What are your values (and your company’s) and how do you communicate them to your audience?

Our organizational values are probably not dissimilar to many other companies (Integrity, Respect, Excellence, Innovation, Generosity and Passion), but we created “ISMS” that help bring them alive. For example, there’s an Ism around never pirating software or using music without permission – another about telling the truth to a fault “no white lies” – and others around the importance of designing everything (even keynote presentations given to small groups internally), about embracing new technology, giving generously of our money to our cause and others (eating our own dogfood), and even one about working together to create a profanity-free environment that respects all.

We’re passionate, optimistic and hopeful people, and I hope that’s communicated through the images, videos and stories we share with our supporters.

There are a lot of non-profits out there. How have you been able to stand out in the crowd and get attention for the brand?

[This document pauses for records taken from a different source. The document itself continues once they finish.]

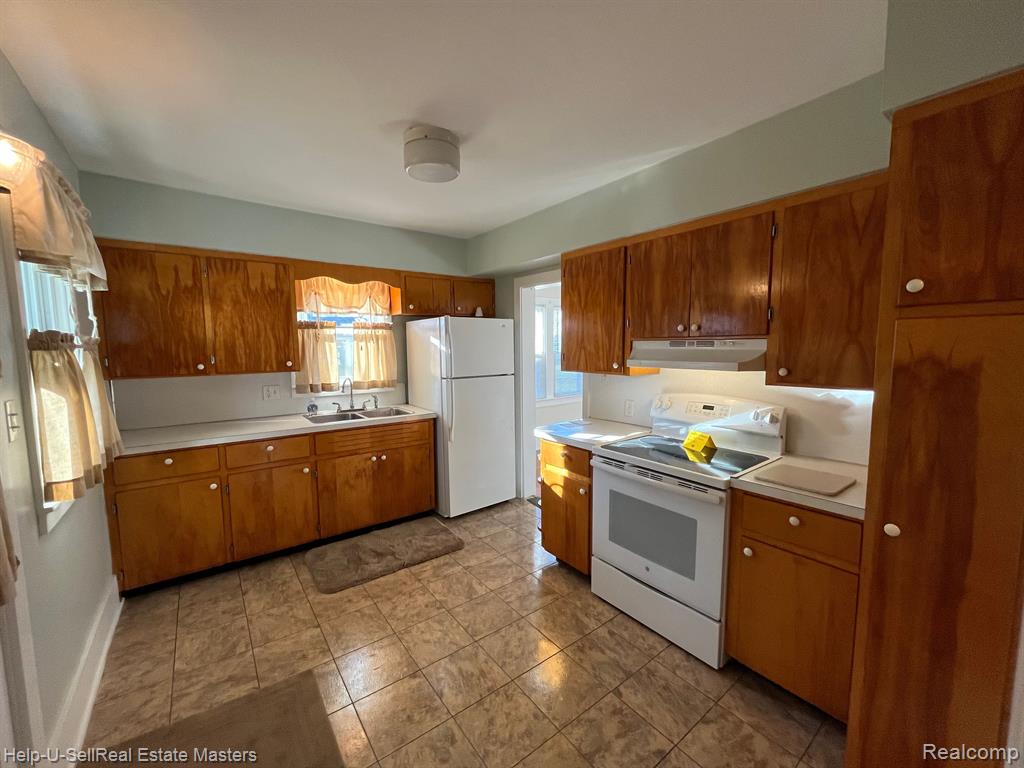 1812 Riverside Drive Port Huron, MI 48060 - Photo 7 of 23 Gallery Image 7
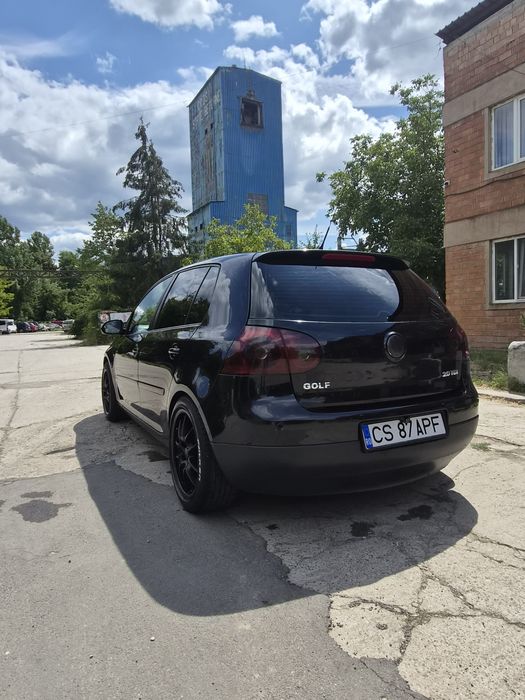 VOLKSWAGEN Golf 2002 — imagine 3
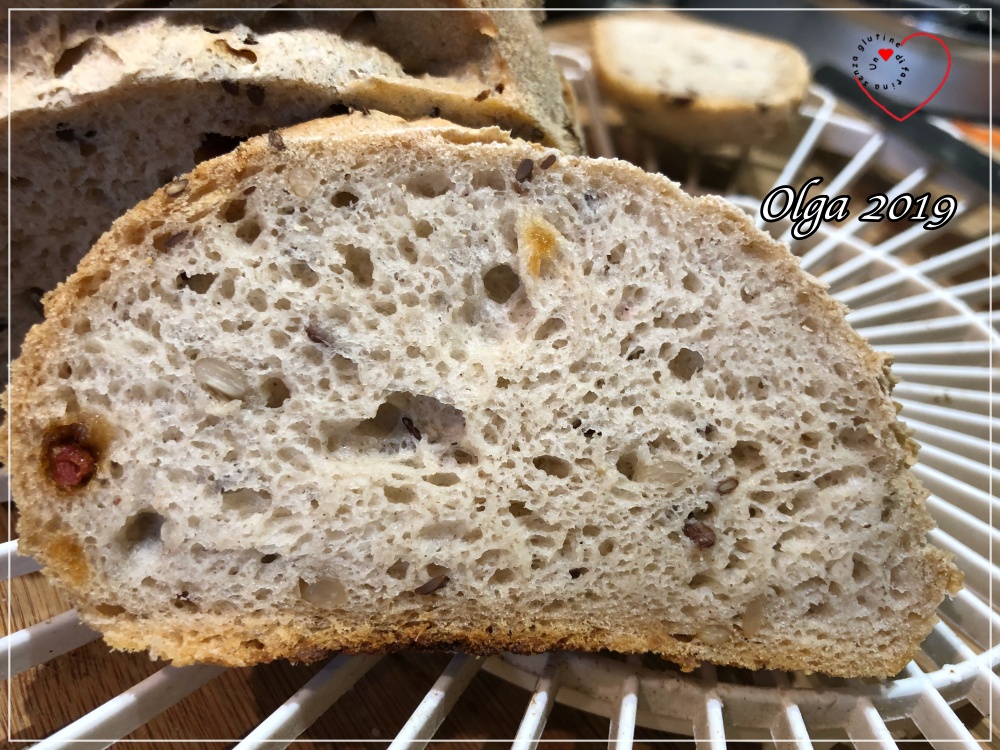 Pane senza glutine con la macchina del pane - Cardamomo & co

My wife Viktoria is the creative director at charity: water, and she and her team have been instrumental to our success. They are great at making beautiful things online that people want to click on, and videos people want to watch. I believe our focus on design has been key to our success, along with the 100% model and our tireless pursuit of connecting our donors with the people they are serving and the water projects they are funding around the world.

Have you run into any issues where you treated the water but it wasn’t effective? What do you put in place to make sure that the water is clean all of the time?

charity: water is solution agnostic, and currently funds eight different types of water projects around the world. Sometimes a 40-foot deep hand dug well is the right solution, sometimes our partners need to drill up to 1,000 feet to find clean water. In some environments, rainwater harvesting is the best solution, or protecting mountain springs and using gravity flow and pipes to connect communities. In some instances, biosand filters are appropriate, and in others, high tech filters that employ the latest in Carbon, UV and UF filtration. Our implementing partners test water at different locations, and measure them against local water quality standards.

What are your top three tips for young entrepreneurs trying to build a business?

1. Story. I think one of the most important things is being able to tell your personal story in a way that engages people, and then the story of your organization or company. Many people want to know what is driving the entrepreneur forward, and learn more about his or her character before they invest. Using photos and videos to “show” people not tell them is increasingly important in a new world of glowing screens and shortened attention spans.

2. Tenacity is so important as well. Being able to hear “no” and still press on, fighting through adversity and tough times believing that the perseverance will pay off.

3. Find a coach. I’ve been extremely fortunate to work with a coach over the past three years who built a hugely successful business, and has poured his learnings into me. Being open to, and in fact seeking out negative feedback is key, especially when it hurts. The people that tell you how great you’re doing aren’t the ones who help you get better, it’s the ones who painfully expose your blindspots and challenge you to perform at a higher level.